Der IWF will laut GFP elf Milliarden Dollar bereitstellen, während die USA und Japan die restlichen 33 Milliarden Dollar beisteuern würden. Dabei könne der Fehlbetrag im Kiewer Staatshaushalt bereits in diesem Jahr sogar noch erheblich steigen, heisst es in dem Beitrag. Ursache dafür sei der Plan des Kiewer Präsidenten Wolodymyr Selenskyj, im Krieg gegen Russland rund eine halbe Million zusätzliche Soldaten zu mobilisieren.
«Die neuen Truppen kosteten, würden sie tatsächlich ausgehoben, recht viel Geld. Es kommt hinzu, dass die Soldaten dann nicht mehr als zivile Arbeitskräfte zur Verfügung stehen.»

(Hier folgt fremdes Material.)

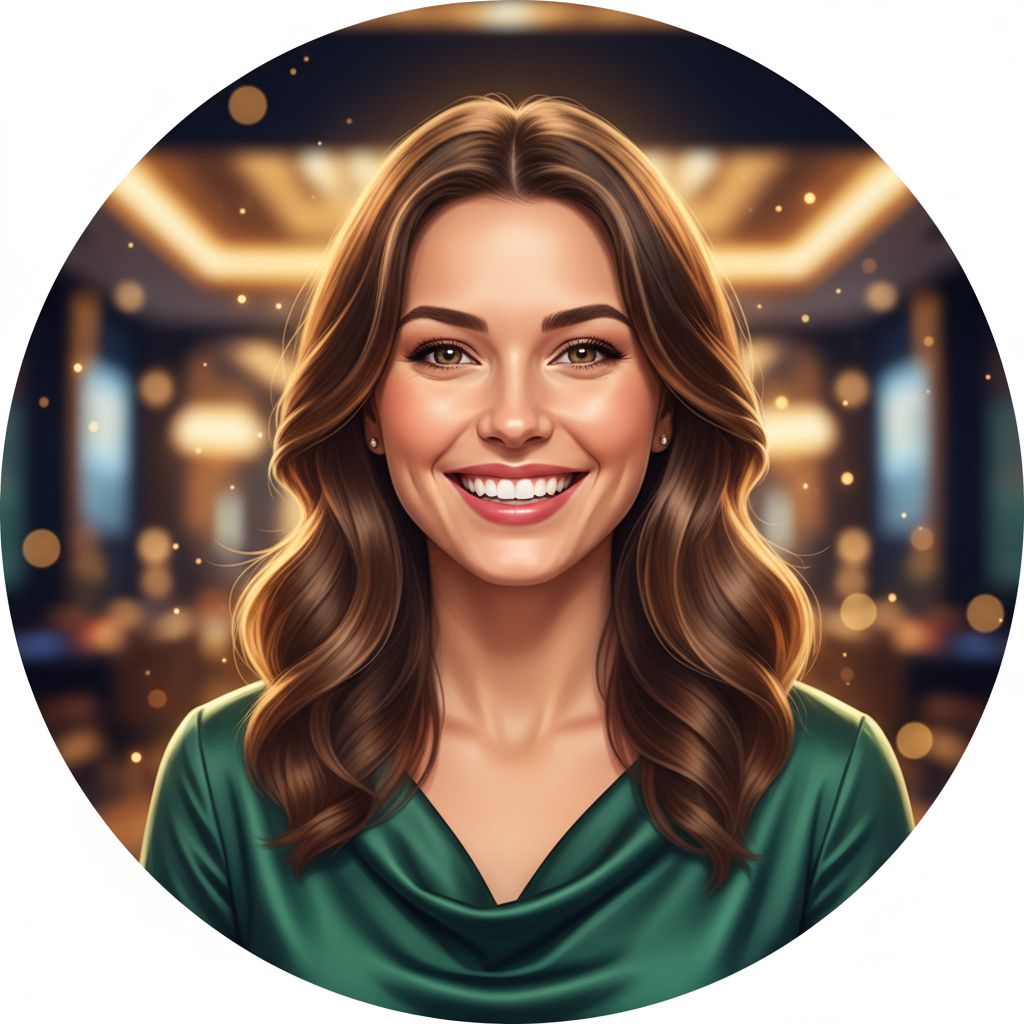 Fruit Cocktail Slot – Refresh Your Wins!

Das geschehe, obwohl die ukrainische Wirtschaft bereits an einem gravierendem Mangel an Personal leide. Zudem zeichne sich deutlich ab, «dass die Vereinigten Staaten auf Dauer kaum noch als Geldgeber tätig werden». Das sei selbst bei einem erneuten Wahlsieg von US-Präsident Joe Biden der Fall, durch die starke Position des rechten Flügels der Republikaner im US-Kongress, die zusätzliche Gelder für Kiew verweigern.
Die EU sei für die Ukraine der «finanzielle Rettungsring», habe die Neue Zürcher Zeitung (NZZ) Ende Januar festgestellt. Danach müsse sich die EU «auf eine lange Phase als finanzieller Unterstützer» einstellen, weil ohne kontinuierliche Hilfe aus dem Westen die Ukraine finanziell unweigerlich «dem Untergang geweiht» sei.
Was als offiziell als «Hilfe» bezeichnet wird, ist aber tatsächlich ein Mittel, um die Ukraine, die angeblich um ihre Unabhängigkeit und Souveränität kämpft, vom Westen auf Dauer abhängig zu machen. Die finanzielle Unterstützung der EU ist laut dem GFP-Beitrag so angelegt, «dass die Ukraine in höchstem Masse verschuldet aus einem wie auch immer beendeten Krieg hervorgehen wird.»
Die ukrainischen Staatsschulden seien von rund 50 Prozent der Wirtschaftsleistung zu Kriegsbeginn auf rund 90 Prozent gestiegen und würden kontinuierlich weiter zunehmen. Nur 17 Milliarden Euro aus dem 50-Milliarden-Euro-Hilfspaket der EU werden demnach als Zuschuss vergeben: «33 Milliarden Euro erhält die Ukraine lediglich als Kredit, der früher oder später zurückgezahlt werden muss.»